The Wharf of Chartrons by Jean-Paul Malaval with Giveaway
Welcome to my stop for this historical fiction title, Wharf of Chartrons from Jean-Paul Malaval as part of France Book Tour’s promotion. Please be sure to check the other tour stops, and don’t forget to enter the giveaway where one US Winner will receive a paperback ARC copy of the title, and one International winner will receive a digital ARC of the title. Additionally, please be sure to check out Open Road Media’s website, where you can find a video with the author, and other titles for your enjoyment.
In one of my favorite genres, the story in The Wharf of Chartrons manages to incorporate family drama, tradition, memories, wine and the various horrors brought on by war, Jean-Paul Malaval manages to take all the elements and present a lovely story.
Essentially French in feel and nature – the story starts with the patriarch, Octave, and a bit of his own personal history and reputation as a vintner extraordinaire and his quiet contemplation of his life and the changes he has seen. Octave was such a wonderful character with his decided likes and dislikes, his temperament and the decided enjoyment that he takes in serving his “republic” in ways that suit his heart and humor: all speak to the determination and willingness to battle all odds and Mother Nature to bring his grapes to the barrel.

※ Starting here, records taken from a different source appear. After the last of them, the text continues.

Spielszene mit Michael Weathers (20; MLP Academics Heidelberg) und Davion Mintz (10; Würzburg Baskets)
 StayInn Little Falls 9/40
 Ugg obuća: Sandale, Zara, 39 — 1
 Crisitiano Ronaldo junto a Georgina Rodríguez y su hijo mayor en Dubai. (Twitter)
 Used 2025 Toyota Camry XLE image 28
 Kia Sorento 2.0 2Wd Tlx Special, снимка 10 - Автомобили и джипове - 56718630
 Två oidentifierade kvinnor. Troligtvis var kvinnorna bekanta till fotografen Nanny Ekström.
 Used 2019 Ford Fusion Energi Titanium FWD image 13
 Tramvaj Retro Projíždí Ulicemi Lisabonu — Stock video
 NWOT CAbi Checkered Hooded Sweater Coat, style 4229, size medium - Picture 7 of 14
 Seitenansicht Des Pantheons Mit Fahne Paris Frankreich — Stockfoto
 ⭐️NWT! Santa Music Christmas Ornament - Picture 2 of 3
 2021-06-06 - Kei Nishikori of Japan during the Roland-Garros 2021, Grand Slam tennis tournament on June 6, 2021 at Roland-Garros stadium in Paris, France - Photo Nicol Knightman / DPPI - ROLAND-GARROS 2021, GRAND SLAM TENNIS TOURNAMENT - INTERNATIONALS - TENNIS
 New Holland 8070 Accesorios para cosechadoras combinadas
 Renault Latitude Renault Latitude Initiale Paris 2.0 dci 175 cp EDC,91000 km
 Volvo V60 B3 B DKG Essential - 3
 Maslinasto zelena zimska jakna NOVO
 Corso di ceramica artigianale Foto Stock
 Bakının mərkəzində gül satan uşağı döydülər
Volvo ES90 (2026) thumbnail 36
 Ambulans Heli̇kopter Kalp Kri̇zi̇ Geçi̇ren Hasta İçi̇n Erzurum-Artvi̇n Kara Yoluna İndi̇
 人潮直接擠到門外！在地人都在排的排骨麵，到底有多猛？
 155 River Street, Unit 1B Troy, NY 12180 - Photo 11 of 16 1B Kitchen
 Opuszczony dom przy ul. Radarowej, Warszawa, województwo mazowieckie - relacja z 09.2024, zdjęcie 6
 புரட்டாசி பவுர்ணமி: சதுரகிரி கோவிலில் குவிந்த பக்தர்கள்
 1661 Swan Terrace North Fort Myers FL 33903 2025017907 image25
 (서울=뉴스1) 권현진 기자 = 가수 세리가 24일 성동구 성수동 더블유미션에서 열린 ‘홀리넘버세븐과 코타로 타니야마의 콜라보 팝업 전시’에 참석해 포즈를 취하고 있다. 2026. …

David and Gaspard, his cousin, lived the life of the vintners of old: family run operations in the same homes and lands for generations, and their decision to move their operation into a new and more modern mindset: adding exports, blends and even transplanting the vines to a new region. What follows is this uniquely blended tale of business and family struggles as we see Gaspard and David in their work and home lives.
Gaspard is by far the ‘headier’ more socially aware and grasping cousin: his relationship with his wife felt far more “Paris of the time” than the more grounded and, for me, emotionally accessible David and Helene. The men’s relationships with their wives also seemed to reflect on their own dynamics and difficulties in their business decisions, where David feels like the more reasoned and cautious, where Gaspard is seeing the best case scenario possibilities and is ready to jump in.
Throughout the book, the difficulties and roadblocks pop up from areas unexpected (war and business partner difficulties) and the expected difficulties inherent in any farming venture, let alone winemaking. The insights for an admitted wine novice, combined with the storytelling made this an enjoyable and engaging read, while not quite a read in one setting title, I was finding myself ready to pick the book up again to read just “one more chapter”.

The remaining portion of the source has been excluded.